Hello, This would be helpful for us as well.

We are waiting for the flags to start the app. We are waiting for the Future.get() result meaning that all flags are fetched and ready to be consumed by the app.

val future = LDClient.init(application, config, user)
try {
    future.get(INITIATION_TIMEOUT_MILLIS, TimeUnit.MILLISECONDS)
} catch (exception: Exception) {
    error = exception
}

During the incident on Elevated client-side streaming errors we noticed by custom tracers that this doesn't affect the start-up on Android side, but it was on the iOS. On the Android side, the p90 continued for 600 milliseconds while iOS increased to 5 seconds, the limit of the timeout implemented in both platforms.

So we also feel that client start-up does not mean flags are ready to be used.

Stuart-campbell commented 1 year ago

+1 We want to move away from client defaults and perform a one-time guaranteed sync on the first install. Was easy enough on iOS (although still a little hacky) but doing so on Android seems like it would tie you to network status not the status of flags, which is going to open the door to race conditions.

Putting this on the roadmap would be a very nice to have.

jarrodrobins commented 1 year ago

This absolutely should be on the roadmap - trying to work out if the app has the latest flags should not be this difficult. I have noticed additional bizarre behaviour with this SDK where I'd argue it basically... lies?

I know LD does a lot of fancy stuff behind the scenes with streaming and polling - but I have no intention of ever 'observing' changes to LD flags - I need to know everything up front in one go when a user logs in to show/hide various features of the app. If in the extremely rare event I go and turn a flag off while a user is using the app, I don't particularly care. I want to be able to fetch once (per user login, not app instance) and be done with it. There does not appear to be an easy way to do this right now, and while my implementation works it's very far from ideal.

tanderson-ld commented 1 year ago

Sorry for the delay in getting back to you on this. We have been making wide spread changes to support Contexts (a more flexible structure than User). We have filed an internal ticket (202065) to investigate what it would take to make the Android SDK consistent with the iOS SDK with respect to this init behavior.

mikevercoelen commented 10 months ago

@tanderson-ld Any update on this? We never get feature flags back on Android, iOS works fine. We also have to specify a custom timeout to even make our app load LaunchDarkly. We're on "launchdarkly-react-native-client-sdk": "^8.0.1",

Note: our production app works fine, it's our local development client that doesn't like something.

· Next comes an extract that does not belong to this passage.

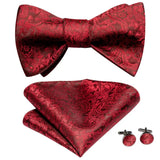 Hi-Tie Ensemble nœud papillon en soie pour homme, mouchoir et boutons de manchette, bleu, rouge, or, noir, blanc, jacquard, nœud papillon, mariage, affaires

tanderson-ld commented 10 months ago

@mikevercoelen, we are in the process of creating a pure JS version of our React Native SDK to decouple it from the Android and iOS SDKs and then we will be fixing portions of the Android SDK to have it be more in line with the behavior of the iOS SDK.

We never get feature flags back on Android, iOS works fine.

What version are you seeing this behavior on? Is this 100% reproducible? Are you by chance using hot reload? We have seen issues related to hot reload.

Note: our production app works fine, it's our local development client that doesn't like something.

What version are you using in production to help us get a clear picture?

mikevercoelen commented 10 months ago

@tanderson-ld I've just tried to toggle live reload, both on and off no flags are returned. And yes, this is happening 100% of the time.

We are using 8.0.1 in both dev and prod. We're on the latest Expo 49.0.15 and React Native 0.72.6

We've had this issue for quite a while now, on Android LaunchDarkly was even blocking the rendering of our app (it was getting stuck at client.configure) and we had to add a manual timeout of 1ms. This is probably related.